My pipeline currently uses GATK v3.4, and it follows previous Best Practices guideline as follows (Lane Level : Map + Sort + Dedup + Realign + Recalibrate ; All-Lanes-Merged-Sample Level : Sort + Dedup + Realign).

I have 4 lanes of data per sample (from Nextseq500 instrument) and our exome fastq.gz files can be as large as ~20 million reads in both paired-end reads. Steps Realign + Recalibrate at lane level are time consuming, and skipping these 2 steps at lane level, and including the Baserecalibration step at merged sample level, as according to new recommendation, decreases my overall processing time.

If I switch to GATK v3.5, would indels will be properly realigned in high-depth regions, even though I skip lane-level-realignment ?

Thanks,
mglclinical

@mglclinical These recent edits don't reflect any significant change of operation in the tools, just a shift in pipeline implementation philosophy. While indel realignment used to be very important when we were calling variants with UnifiedGenotyper, the HaplotypeCaller's ability to perform its own realignment has reduced the importance of the pre-processing realignment. It is still performed because it can produce benefits for base recalibration, but now we're satisfied with a best-effort pass per-sample, as opposed to the more thorough pass that can be achieved per-lane.

So as long as you're calling variants with HaplotypeCaller, you can follow the new recommendations with either version without concern.

Geraldine Van der Auwera, PhD

• USAMember Posts: 95

@Geraldine_VdAuwera thanks for the quick clarification

• New York, NYMember Posts: 9
edited March 2016

Maybe I'm confused, but with the new shift in philosophy, there seems to be minimal value in aligning, sorting and de-duping the lane-specific fastq's now. Given the current philosophy, it does not appear that there would be much difference between any of the following approaches:
* GATK best practices: per-lane align, per-lane sort, per-lane de-dup, merged, re-sort, re-dedup, re-align, ....
* per-lane align, merge, sort, de-dup, re-align, ....
* concat fastq's, align, merge, sort, de-dup, re-align, ....

The article above states that the per-lane sorting reduces the complexity of the subsequent analysis, but unlike the previous suggested practice (which was aimed to reduce lane-specific artifacts and improve alignment accuracy), there seems to be little value in the additional computation).

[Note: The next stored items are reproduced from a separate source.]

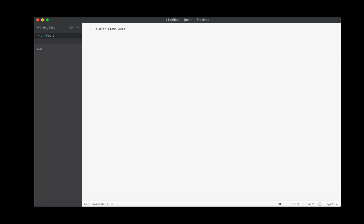Public class — I'm going to call this Automate. And we'll close it off there. And public static void main. String args — needs to be a string array. And that's our main. This should run all by itself.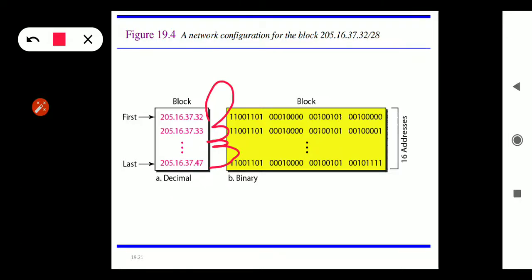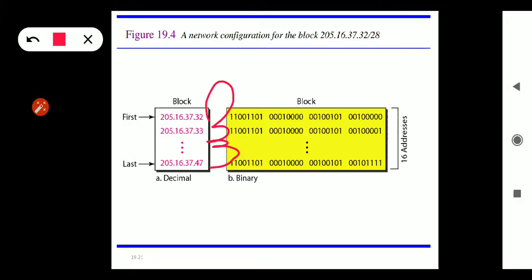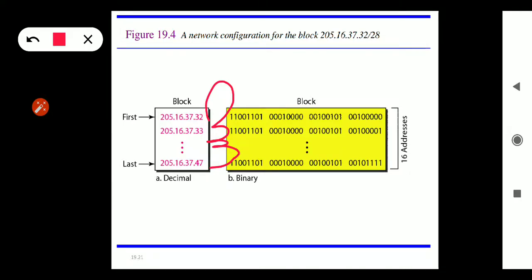The second restriction is that the number of addresses in the block must be a power of two. The third restriction is that the first address of a block must be evenly divisible by the number of addresses. These are the three restrictions given by the internet authority.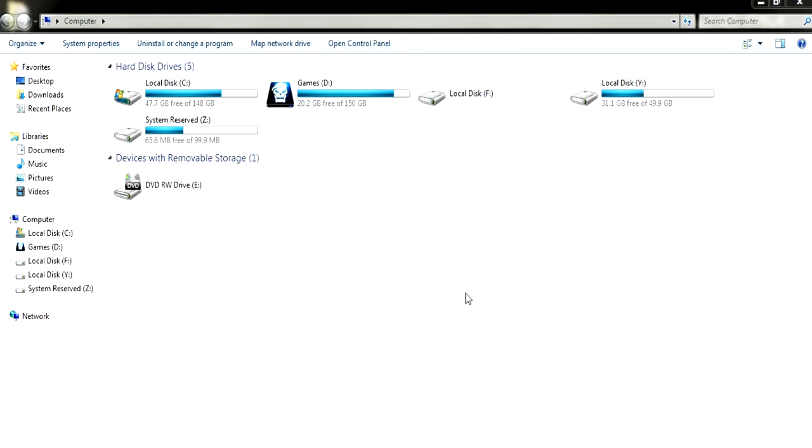Hello everyone, today I'm going to be showing you how to recover a corrupted hard drive or your corrupted volume. You can also recover your corrupted USB as well.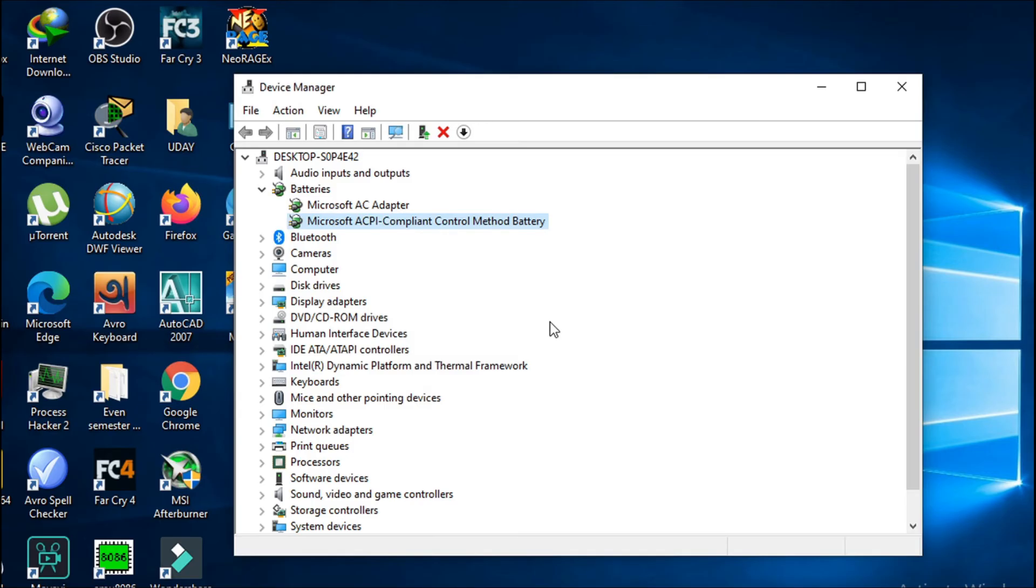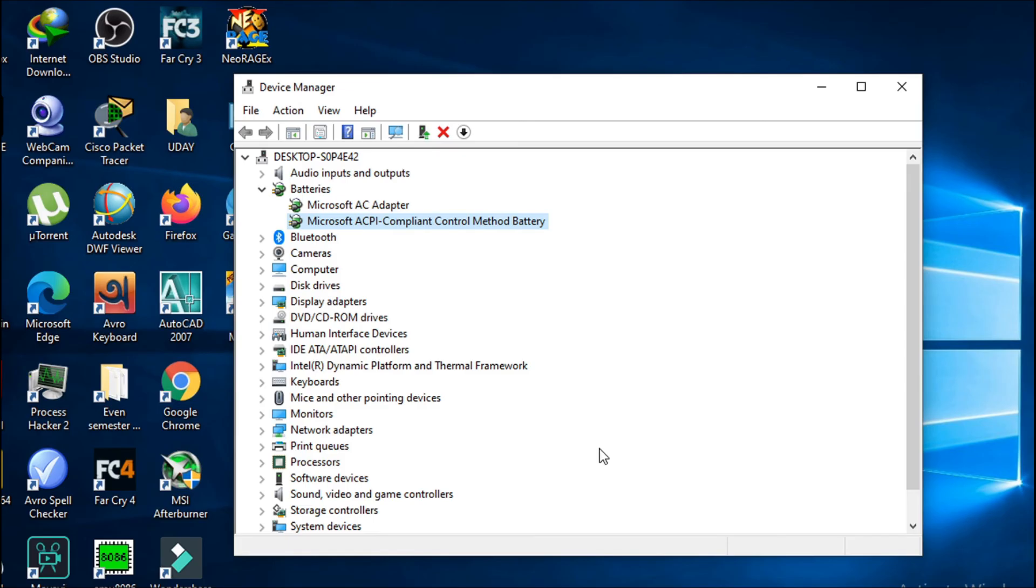I'm not going to uninstall because there is no problem with my battery. But after you uninstall the battery drivers, you just have to restart your computer. After restarting, hopefully the battery not detected error in Windows 10 will be gone. This should resolve the problem.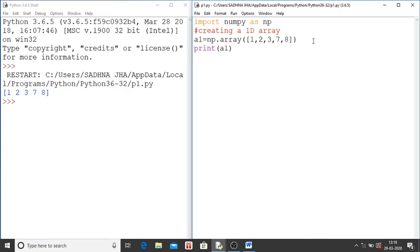You have put the values or you can say element for the array. You can give any element of the array. Then you have to see or you have to print the array. Then you have written print within brackets a.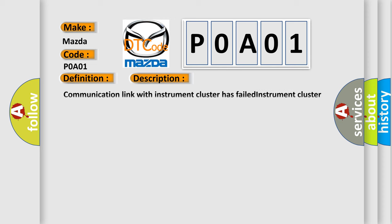Communication link with instrument cluster has failed, instrument cluster operation improper or has failed, PCM has failed. The airbag reset website aims to provide information in 52 languages.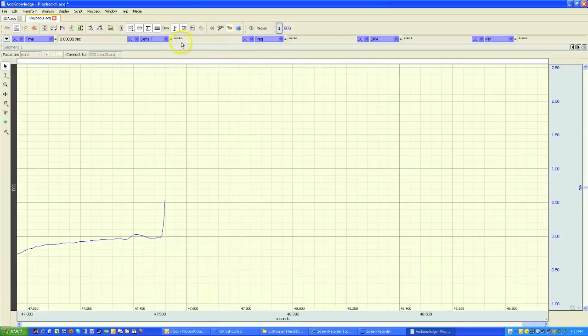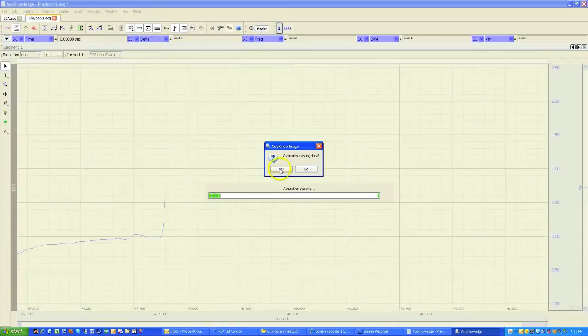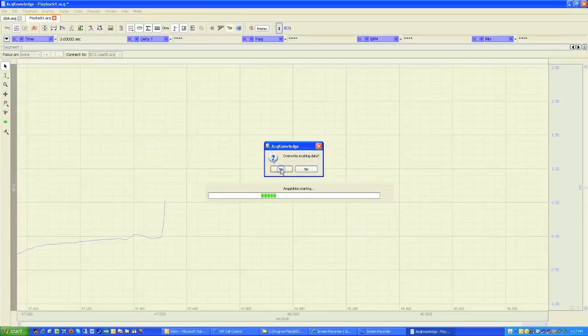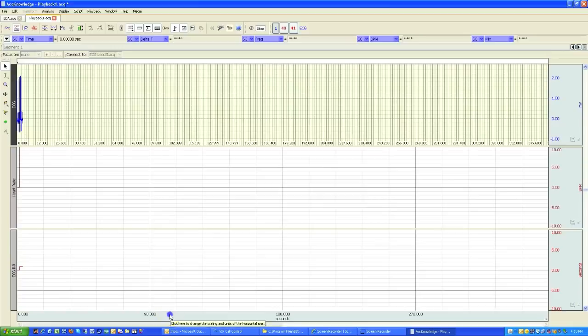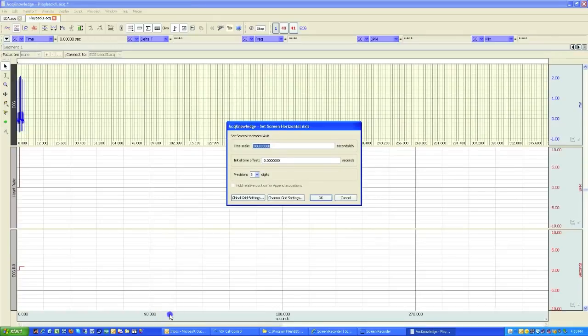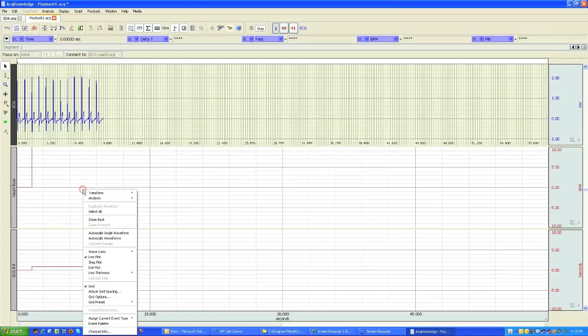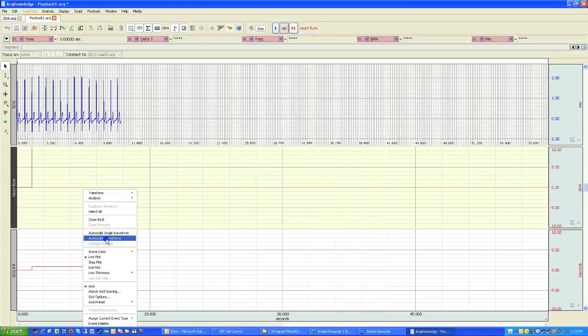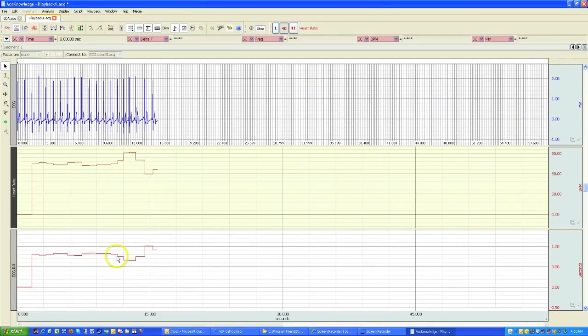And now when we hit the replay button, it asks me if I'm going to overwrite. I don't mind. Hit OK. Now I've added in these two channels. And if I expand this out and I'll auto scale, we've got heart rate and R to R interval.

Am I missing something? If not, would it make sense to modify the article to state that if you are using the UnifiedGenotyper, you should follow the old instructions; otherwise, if you are using the HaplotypeCaller, you can follow the updated instructions, or just follow one of the simpler pipelines that I just listed?

@Geraldine_VdAuwera said:
@mglclinical These recent edits don't reflect any significant change of operation in the tools, just a shift in pipeline implementation philosophy. While indel realignment used to be very important when we were calling variants with UnifiedGenotyper, the HaplotypeCaller's ability to perform its own realignment has reduced the importance of the pre-processing realignment. It is still performed because it can produce benefits for base recalibration, but now we're satisfied with a best-effort pass per-sample, as opposed to the more thorough pass that can be achieved per-lane.

So as long as you're calling variants with HaplotypeCaller, you can follow the new recommendations with either version without concern.

#### Issue · Github March 2016 by Sheila

Issue Number
750
State
closed
Last Updated
Assignee
Array
Milestone
Array
Closed By
vdauwera

Hi @pwaltman, sorry for the late reply. You summarize our recommendations above as "per-lane align, per-lane sort, per-lane de-dup, merged, re-sort, re-dedup, re-align, ...." but to be clear in your terms it would be "per-lane align, per-lane sort, per-lane dedup, merge, (no re-sort), re-dedup (actually this step can be used to do the merge too), local realign (to be clear it's not a repeat of the original align), ...". This produces the same core advantages as the previous version but in a more compact and efficient workflow. You're correct that results should be largely equivalent to the two other workflows you propose if I'm reading them correctly (I assume you're not proposing to combine all the fastqs before genome-aligning, since you would lose the ability to distinguish read groups); the main difference is the double dedup, which we do for QC reasons (to get per-lane library complexity metrics).

Geraldine Van der Auwera, PhD

• PolandMember Posts: 15

Thanks for this post, what shall I do for sample that have number of libraries and each library have number of lanes , should it be per-sample different library ending in one sample have number of bams file for each library?

@medhat
Hi,

-Sheila

• United StatesMember Posts: 26

Thanks for the detailed explanation. I wonder if it is okay to add RG information and consider different lanes after mark duplication for each sample please. Our samples are indeed multiplexed, but at the current stage I need to test multiple variant callers, I slightly prefer to just have one set of .dedup.bam for each sample. Thank you.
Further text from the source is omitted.